#### Task item:
Take the line containing "Janine, actuala soție" and all lines after it, through the end of the material, and repeat them exactly, pictures left out.

#### Recorded information:
-- Opening Marker --
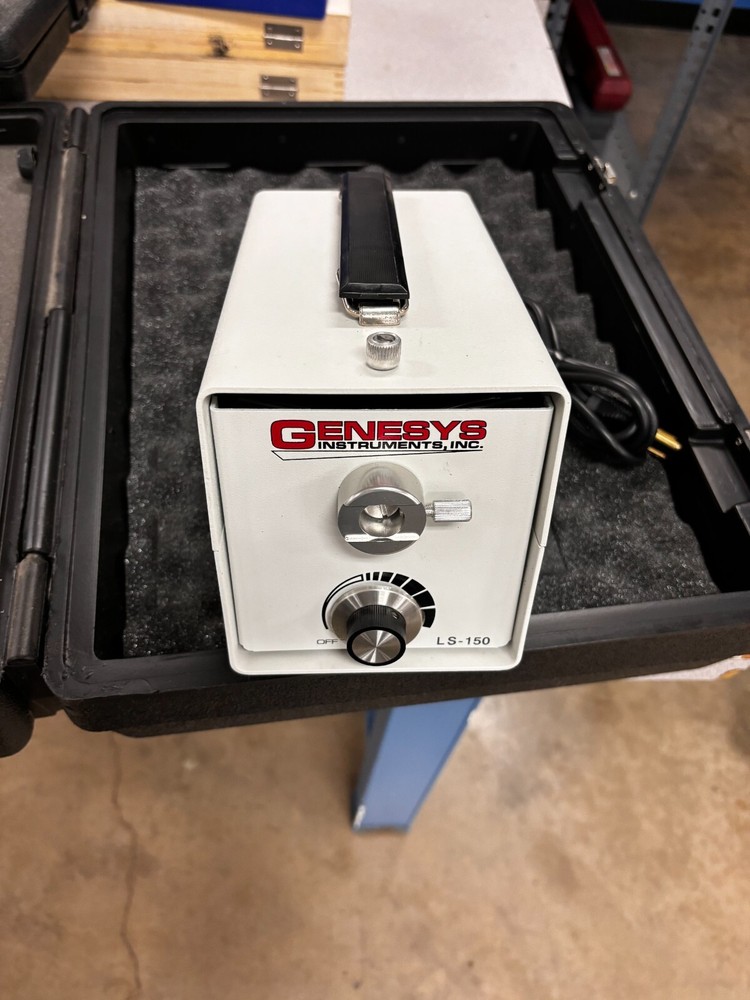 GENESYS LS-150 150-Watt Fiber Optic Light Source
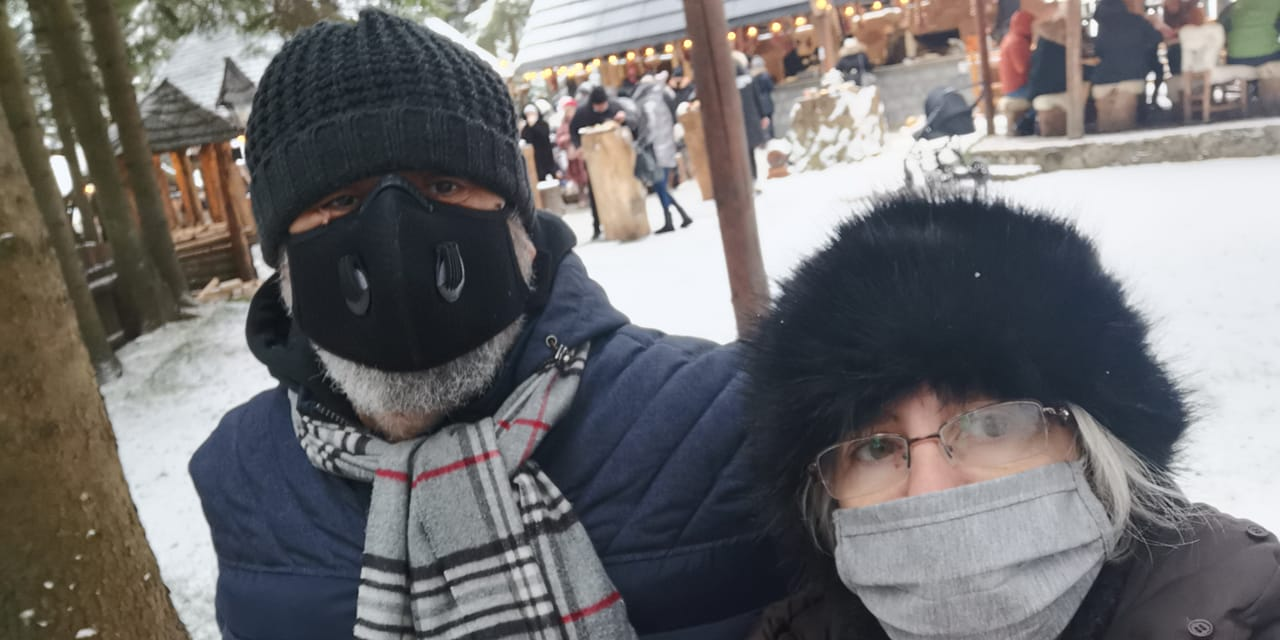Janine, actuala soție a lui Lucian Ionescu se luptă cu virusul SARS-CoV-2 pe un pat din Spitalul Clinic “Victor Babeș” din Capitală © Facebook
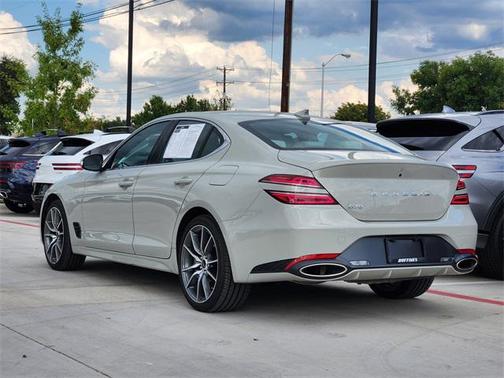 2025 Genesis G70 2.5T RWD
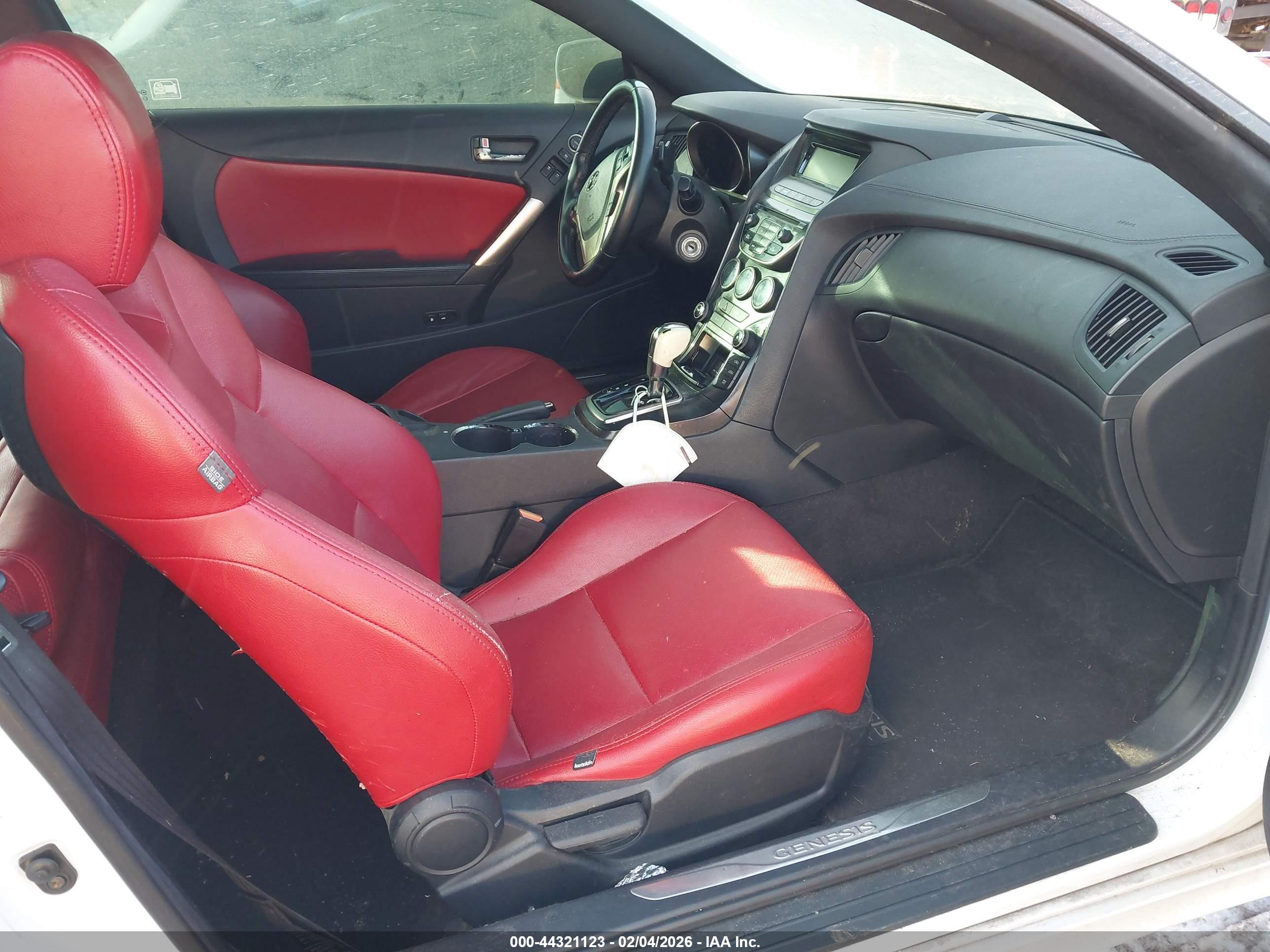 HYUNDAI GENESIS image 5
-- Closing Marker --
#### Task answer:
Janine, actuala soție a lui Lucian Ionescu se luptă cu virusul SARS-CoV-2 pe un pat din Spitalul Clinic “Victor Babeș” din Capitală © Facebook
 2025 Genesis G70 2.5T RWD
 HYUNDAI GENESIS image 5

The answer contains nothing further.